多个GPU加速高阶气体运动方案，用于可压缩湍流的直接数值模拟

Multiple-GPU accelerated high-order gas-kinetic scheme for direct numerical simulation of compressible turbulence

论文作者

Wang, Yuhang, Cao, Guiyu, Pan, Liang

论文摘要

高阶气体运动方案（HGK）已成为湍流直接数值模拟（DNS）的可行工具。在本文中，为了加速计算，使用计算统一设备体系结构（CUDA）使用图形处理单元（GPU）实现HGK。为了进行大规模的湍流DNS，也使用消息传递接口（MPI）和CUDA架构进行多个GPU进一步升级HGK。提出了可压缩湍流的基准情况，包括泰勒绿色涡流和湍流通道流，以评估HGK具有NVIDIA TITAN RTX和TESLA V100 GPU的数值性能。

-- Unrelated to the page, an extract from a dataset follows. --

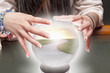 Mixed race fortune teller with crystal ball with road inside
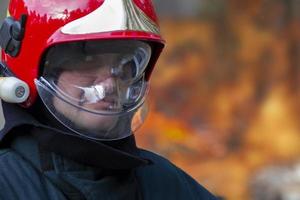 das Gesicht von ein Feuerwehrmann im ein Helm auf ein Hintergrund von Feuer. Putten aus ein Feuer. foto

对于单GPU计算，与在Intel Core i7-9700上运行的并行中央处理单元（CPU）代码相比，带有开放的多处理（OpenMP）指令，Titan RTX实现了7倍加速，而TESLA V100实现了16倍的加速。对于多个GPU计算，使用MPI使用的1024 Intel Xeon E5-2692核在1024 Intel Xeon E5-2692内运行的计算时间大约是使用MPI和CUDA的8 Tesla V100 GPU的GPU代码的3倍。数值结果证实了多个GPU加速HGK在大规模湍流中的出色性能。 GPU中的HGK还具有FP32精度，以评估数字格式精度的效果。合理地，与FP64精度的计算相比，提高了效率，并使用FP32精度降低了存储成本。对于湍流流动，长期统计湍流量的差异在FP32和FP64精度解决方案之间可以接受。虽然可以观察到瞬时湍流数量的明显差异，但这表明FP32精度对于可压缩湍流中的DNS并不安全。精度的选择应取决于准确性和可用计算资源的要求。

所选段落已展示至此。